─── Extracted entries

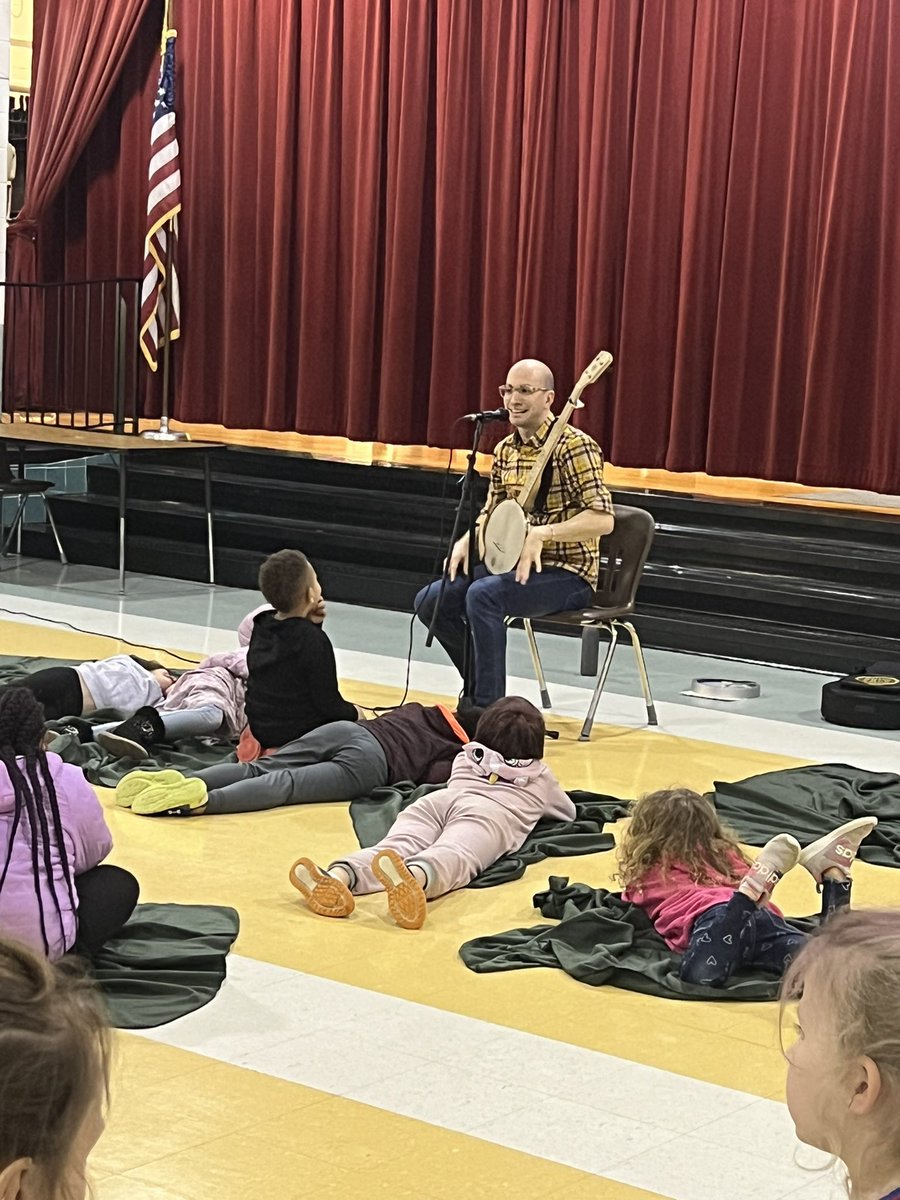 MrKoogle's tweet photo. #TheLinc’s Love for Literacy Night was a huge success! Bringing families together, enjoying a storyteller, and celebrating student progress posted throughout the building! #WCPSProud #ThePowerOfAStory #ReadersAreLeaders https://t.co/BZpaPuApbA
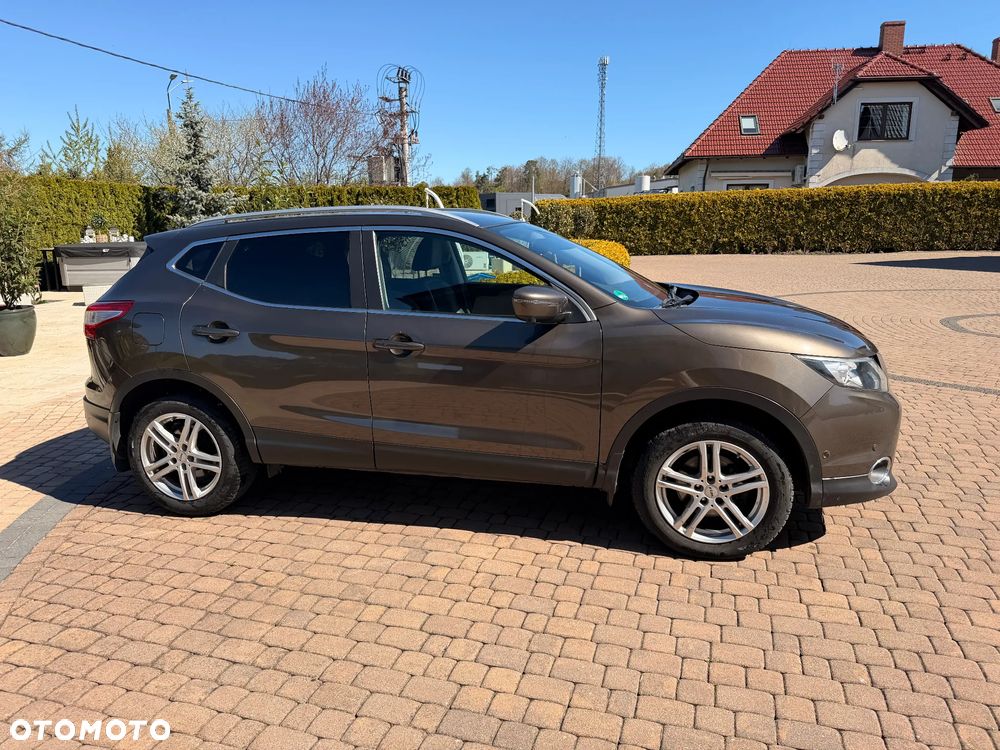 Nissan Qashqai 1.6 DCi N-Connecta - 8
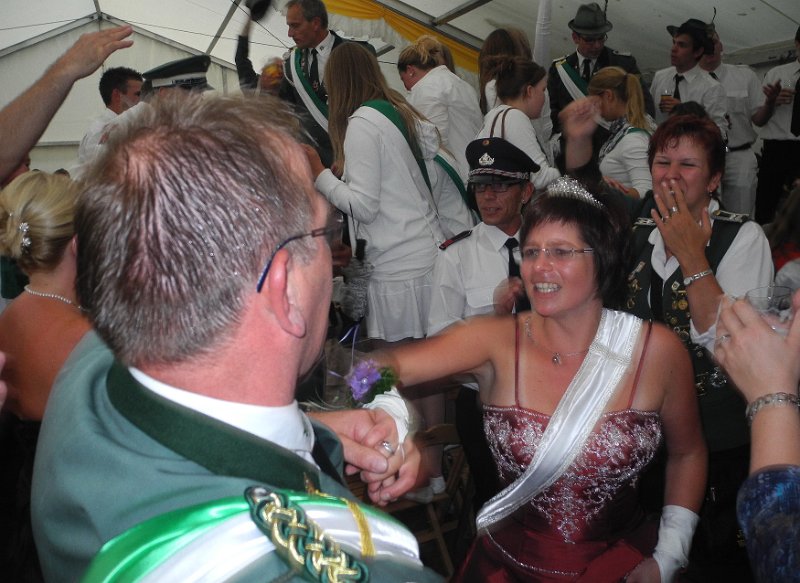 Schuetzenfest Sonntag 0404.JPG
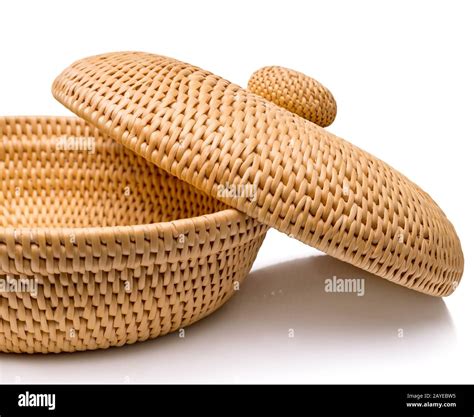 Wicker basket with lid, isolated on white Stock Photo - Alamy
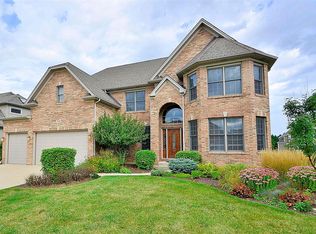 770 Cole Dr, South Elgin, IL 60177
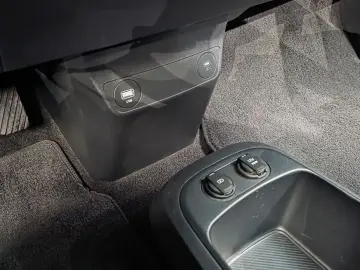 2022 Kia EV6 с пробегом 37 947 км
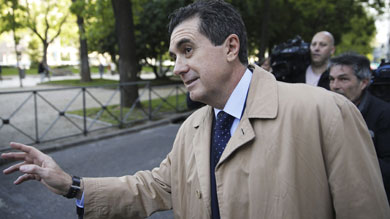 Matas dice que recibi&oacute; 21.346 euros del PP cuando dej&oacute; de ser ministro
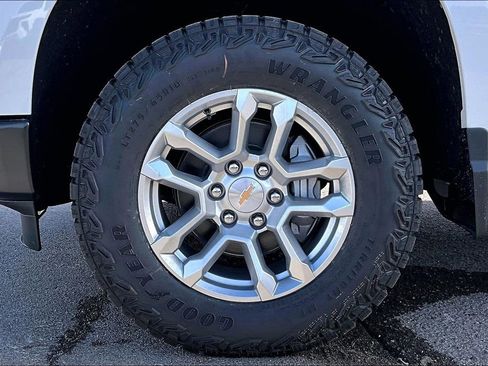 New 2026 Chevrolet Silverado 1500 W/T w/ WT Value Package image 12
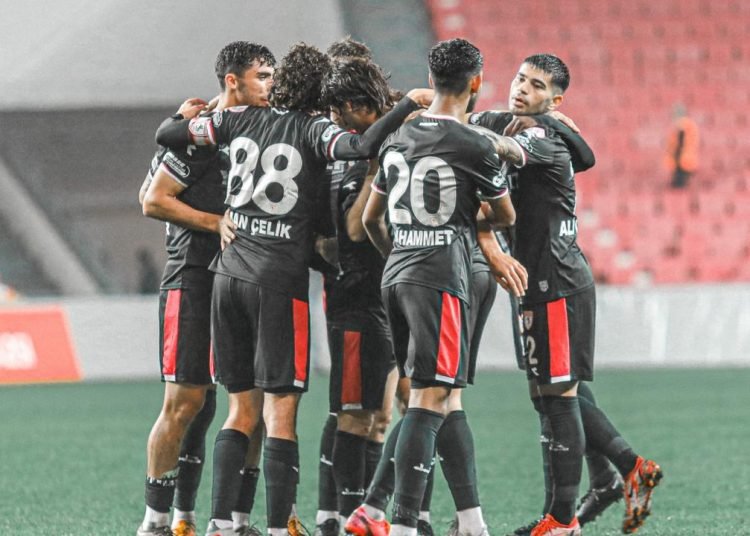Samsunspor 3 golle tur biletini kaptı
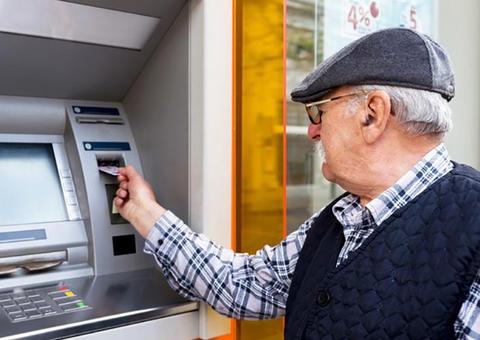 Aposentados começam a receber parcela do 13º salário nessa segunda-feira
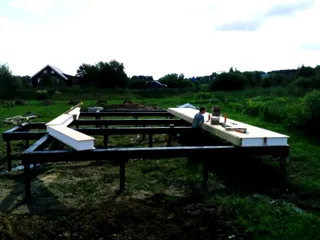 Haus nach Projekt „Ermak“, Siedlung Belavino: Fundament und Grundrahmen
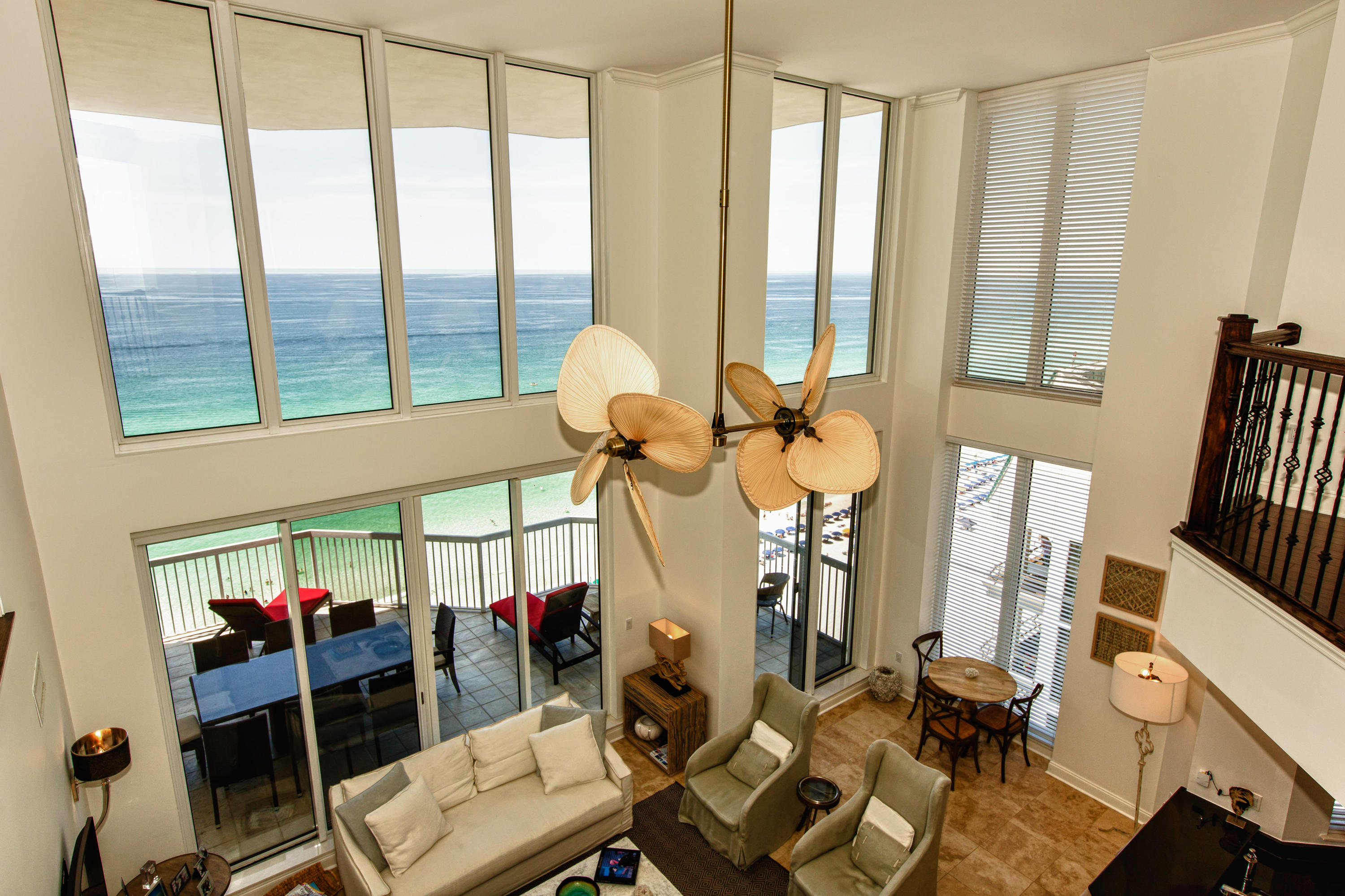 SILVER BEACH TOWERS - Residential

──────

• **Activity**
Transcribe all of the records above character for character. Exclude the pictures.

• **Response to this task**
 MrKoogle's tweet photo. #TheLinc’s Love for Literacy Night was a huge success! Bringing families together, enjoying a storyteller, and celebrating student progress posted throughout the building! #WCPSProud #ThePowerOfAStory #ReadersAreLeaders https://t.co/BZpaPuApbA
 Nissan Qashqai 1.6 DCi N-Connecta - 8
 Schuetzenfest Sonntag 0404.JPG
 Wicker basket with lid, isolated on white Stock Photo - Alamy
 770 Cole Dr, South Elgin, IL 60177
 2022 Kia EV6 с пробегом 37 947 км
 Matas dice que recibi&oacute; 21.346 euros del PP cuando dej&oacute; de ser ministro
 New 2026 Chevrolet Silverado 1500 W/T w/ WT Value Package image 12
Samsunspor 3 golle tur biletini kaptı
 Aposentados começam a receber parcela do 13º salário nessa segunda-feira
 Haus nach Projekt „Ermak“, Siedlung Belavino: Fundament und Grundrahmen
 SILVER BEACH TOWERS - Residential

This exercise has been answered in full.